A member of a team supporting a Canadian-Palestinian man documenting humanitarian efforts during the Israel-Hamas war says loved ones have lost contact with the citizen journalist in Gaza.
Mansour Shouman was last heard from last Sunday around 4 p.m., Zaheera Soomar said.
“Initially, we didn’t think anything of it because even in the days preceding that, there were times when he didn’t message us immediately because he couldn’t get to a hot spot,” said Soomar, who is based in Canada.
“We also knew from social media that Khan Younis had started being bombed very early on Monday morning, so we assumed he couldn’t get to where he needed to, he probably needed to take shelter and kind of see to himself.”
But as the days stretched on with no contact Soomar and other team members supporting Shouman along with his family began to worry. They started making inquiries with contacts on the ground.
Eventually, they heard on Monday and Tuesday that Shouman was seen at the Nasser Hospital along the southern Gaza Strip but was headed for nearby Rafah.
Get the latest National news.
Sent to your email, every day.
Global Affairs Canada confirmed it is aware of a Canadian who is missing in Gaza.
“Canadian officials continue to monitor the situation closely and are in direct contact with the family members,” spokesperson Grantly Franklin said in an email.
The government organization refused to disclose further information about the missing individual, citing “privacy considerations.”
Shouman previously completed oil and gas consulting work in Calgary and is the father of five children who left Gaza with his wife last year for Abu Dhabi, where his mother resides.
Soomar speaks to the family several times a day and said Shouman’s mother is “beyond distraught.”
“His wife is trying to be as strong as she possibly can for the sake of her five kids,” Soomar said.
Shouman stayed behind in Gaza when his family left because he felt a duty to document the war and its ramifications.
He would often post on social media platforms about how funds donated to aid communities in Gaza were being used to build shelter, provide food and distribute sanitary, feminine hygiene and baby products.

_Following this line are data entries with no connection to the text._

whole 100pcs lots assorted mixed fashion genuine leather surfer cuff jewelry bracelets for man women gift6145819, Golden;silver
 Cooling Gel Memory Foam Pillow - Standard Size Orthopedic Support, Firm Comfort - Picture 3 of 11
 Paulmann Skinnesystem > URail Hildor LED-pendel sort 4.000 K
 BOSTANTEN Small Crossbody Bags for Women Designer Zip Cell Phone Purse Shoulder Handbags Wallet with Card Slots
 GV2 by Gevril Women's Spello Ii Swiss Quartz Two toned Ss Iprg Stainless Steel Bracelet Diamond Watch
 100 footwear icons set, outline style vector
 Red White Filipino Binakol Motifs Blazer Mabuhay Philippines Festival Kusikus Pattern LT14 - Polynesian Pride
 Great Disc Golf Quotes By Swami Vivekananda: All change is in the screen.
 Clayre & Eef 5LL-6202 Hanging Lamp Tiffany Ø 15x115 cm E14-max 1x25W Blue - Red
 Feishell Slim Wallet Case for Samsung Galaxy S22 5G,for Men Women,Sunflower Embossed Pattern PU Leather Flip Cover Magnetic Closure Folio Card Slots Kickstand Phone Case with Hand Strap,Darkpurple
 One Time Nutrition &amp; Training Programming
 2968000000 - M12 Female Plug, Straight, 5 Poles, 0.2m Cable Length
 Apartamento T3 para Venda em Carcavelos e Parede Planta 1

Many of the posts would document the conditions people were living in and share news of recent attacks.
“Myself and some of our team would watch and would say, ‘Oh my God, Mansour, are you OK? Like how are you living through this?’” Soomar recalled.
“We would sometimes be the distraught ones and he would be the positive one and say just have faith, things will change.”
War has been raging on between Israel and Hamas since October, resulting in thousands of lives lost.